**Directions for this task**
Find the line holding "ceremony outfits. Indian" in the entries below. Give it again exactly, along with every line after it up to and including the line holding "kitchen featuring appliances".

-------- Exercise materials

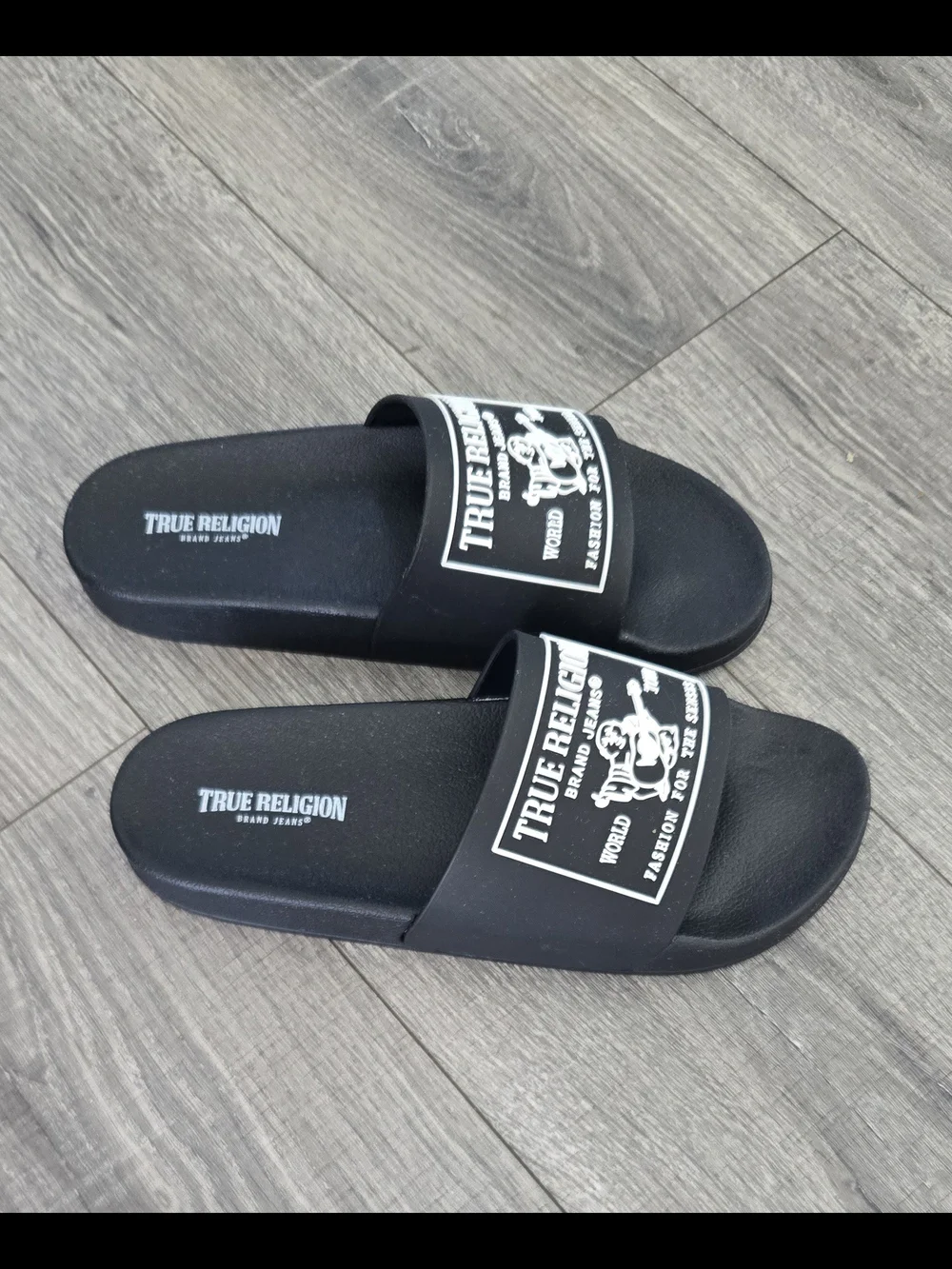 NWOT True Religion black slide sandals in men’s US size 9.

----------------
-------- Exercise materials

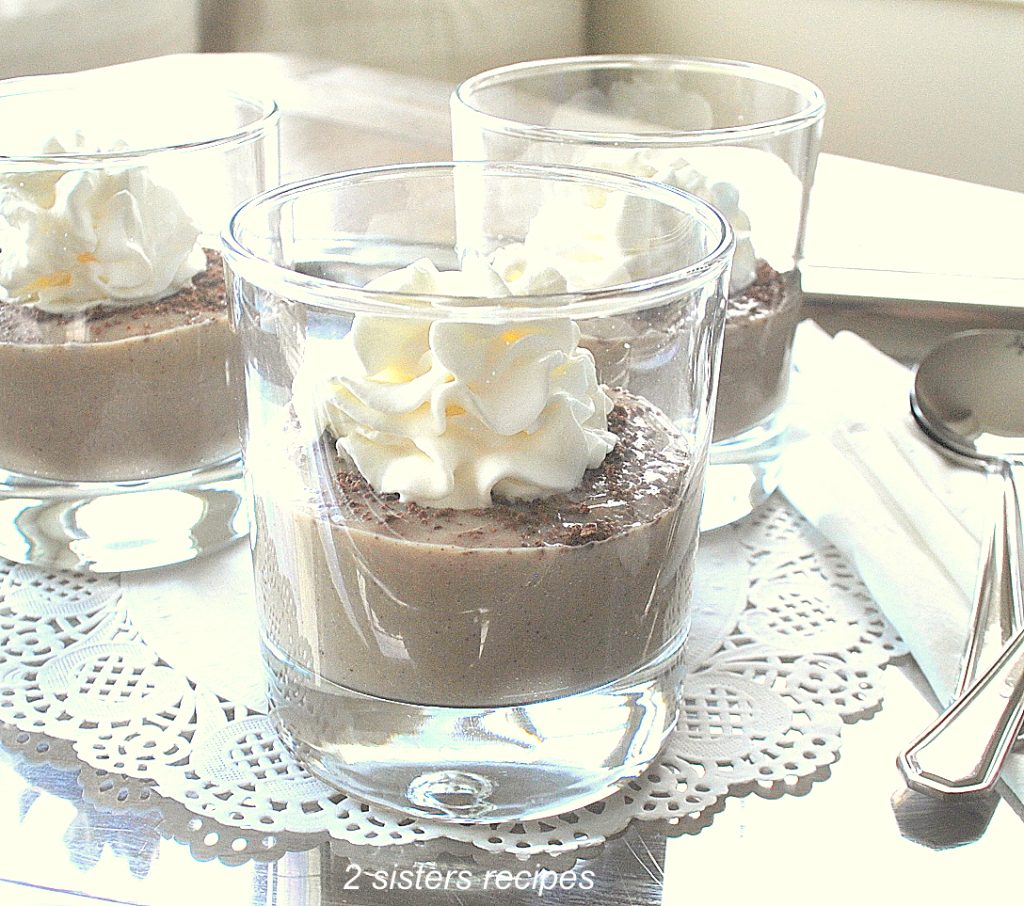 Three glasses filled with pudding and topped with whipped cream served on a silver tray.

----------------
-------- Exercise materials

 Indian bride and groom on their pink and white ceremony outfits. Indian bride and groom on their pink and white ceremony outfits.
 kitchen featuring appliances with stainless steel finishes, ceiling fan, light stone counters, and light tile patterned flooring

----------------

**The answer**
 Indian bride and groom on their pink and white ceremony outfits. Indian bride and groom on their pink and white ceremony outfits.
 kitchen featuring appliances with stainless steel finishes, ceiling fan, light stone counters, and light tile patterned flooring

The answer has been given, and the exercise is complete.